Es stellt sich heraus: das ist in den vergangenen Jahren gar nicht das erste Mal, dass Kirgistan Anlaufpunkt für Leute aufgrund einer gewaltigen Krise ist. Kirgistan war nämlich eines der ganz wenigen Länder, die explizit angeboten haben, 2021 Geflüchtete aus Afghanistan aufzunehmen, nachdem die Taliban die Macht wieder übernommen hat. Gut, das Angebot galt nur Studentinnen und es sind auch nur eine Handvoll Frauen da hingekommen, aber weißgott war das mehr, als die geliebte Bundesrepublik gemacht hat.

Schon vorher lebten und leben in Kirgistan einige vertriebene Minderheiten. Direkt über der Grenze nach China ist die ‚autonome‘ Region der Uiguren, und viele Uigur*innen leben in Kirgistan, aus dem einfach Grund, dass sie dort nicht in Umerziehungslager gesteckt werden und ihre Identität ausrotten lassen müssen. Im 19. Jahrhundert kamen bereits die Dunganen aus Südchina nach Kirgistan, ebenso Vertriebene, der allergrößte Teil dieses kleinen Volkes lebt heute in Kirgistan. Meine Familie erzählt, die dunganische Küche sei die beste der Welt.

Und auf einmal ist so ein urbaner, linker Typ wie ich angefixt.

Warum ist denn eine Stadt wie New York City ein Sehnsuchtsort? Weil es ein Ort derer ist, die woanders nicht reinpassen, der Außenseiter, der Minderheiten.

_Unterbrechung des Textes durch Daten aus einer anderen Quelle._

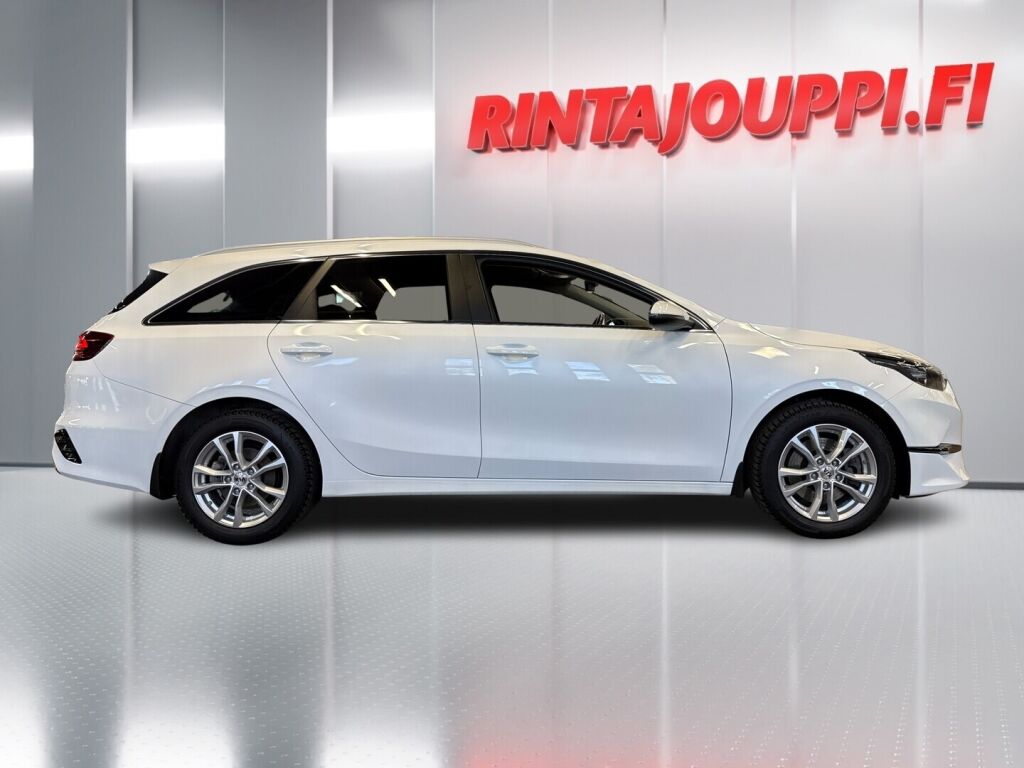 Kia Ceed 2023 Valkoinen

Das klingt ja gar nicht mehr so anders als Bischkek heute.

In den letzten 3 Jahren ist einiges passiert. Nur ein halbes Jahr nach meinem Podcast- Auftritt bei *Storytime ist die Protagonistin des dortigen Textes gestorben: Meine Mutter. In Deutschland nie richtig angekommen und schon so gut wie vergessen, ist in Kirgistan was ganz anderes passiert. Die medizinische Fakultät der Uni in Bischkek hat nämlich 2021 eine gigantische Tafel aufgestellt, dort eingeritzt Name und Abschlussjahr aller Student*innen, die dort jemals ihr Medizinstudium mit Bestnote abgeschlossen haben. Ihr wisst, wer dabei ist: Meine Mutter. Ich kann es nicht anders sagen: Sie haben ihr ein Denkmal gebaut.

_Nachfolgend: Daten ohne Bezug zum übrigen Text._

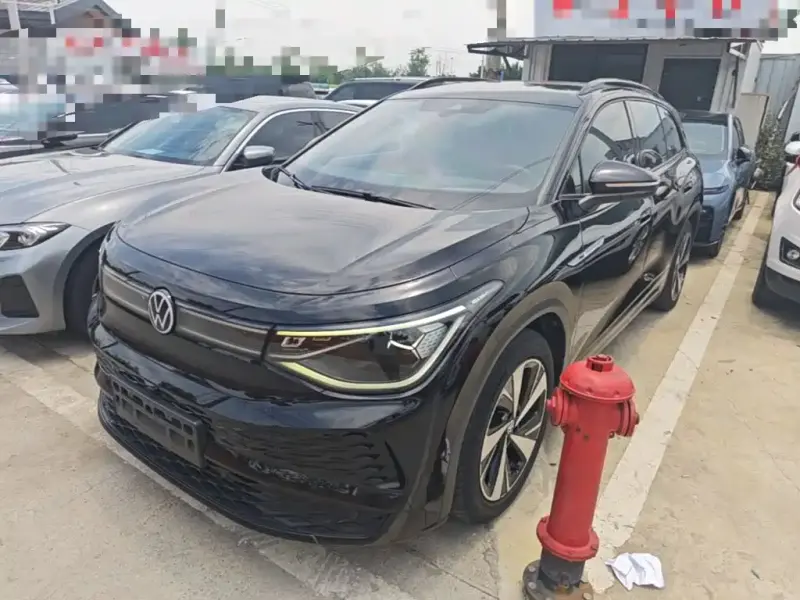 Volkswagen ID.6 X, 2023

Bleibt nur noch, über meinen Vater zu reden. Denn in ihm ist die Sehnsucht überbordend. Die Sehnsucht nach Identität, seine beste Freundin und Frau ist weg, seine Familie lebt in Russland und er kann sie nicht sehen. In den Skype- Gesprächen tun die Leute so, als ob sie nicht davon getroffen sind, dass ihre Söhne abgehauen sind und vielleicht nie wieder kommen. Er hätte sich selbst als Russe beschrieben bis vor ein paar Jahren, doch der Krieg hat dafür gesorgt, dass man sich vor der Identität ekelt. Niemand will mehr Russe sein, der bei Verstand ist. Mein Vater auch nicht. Ich kann das verstehen. Er sagt ‚ich habe doch nie da gelebt‘. Das stimmt auch. Der Mann muss nach Kirgistan, er bereut, dort so lange nicht gewesen zu sein. Und ich will mit.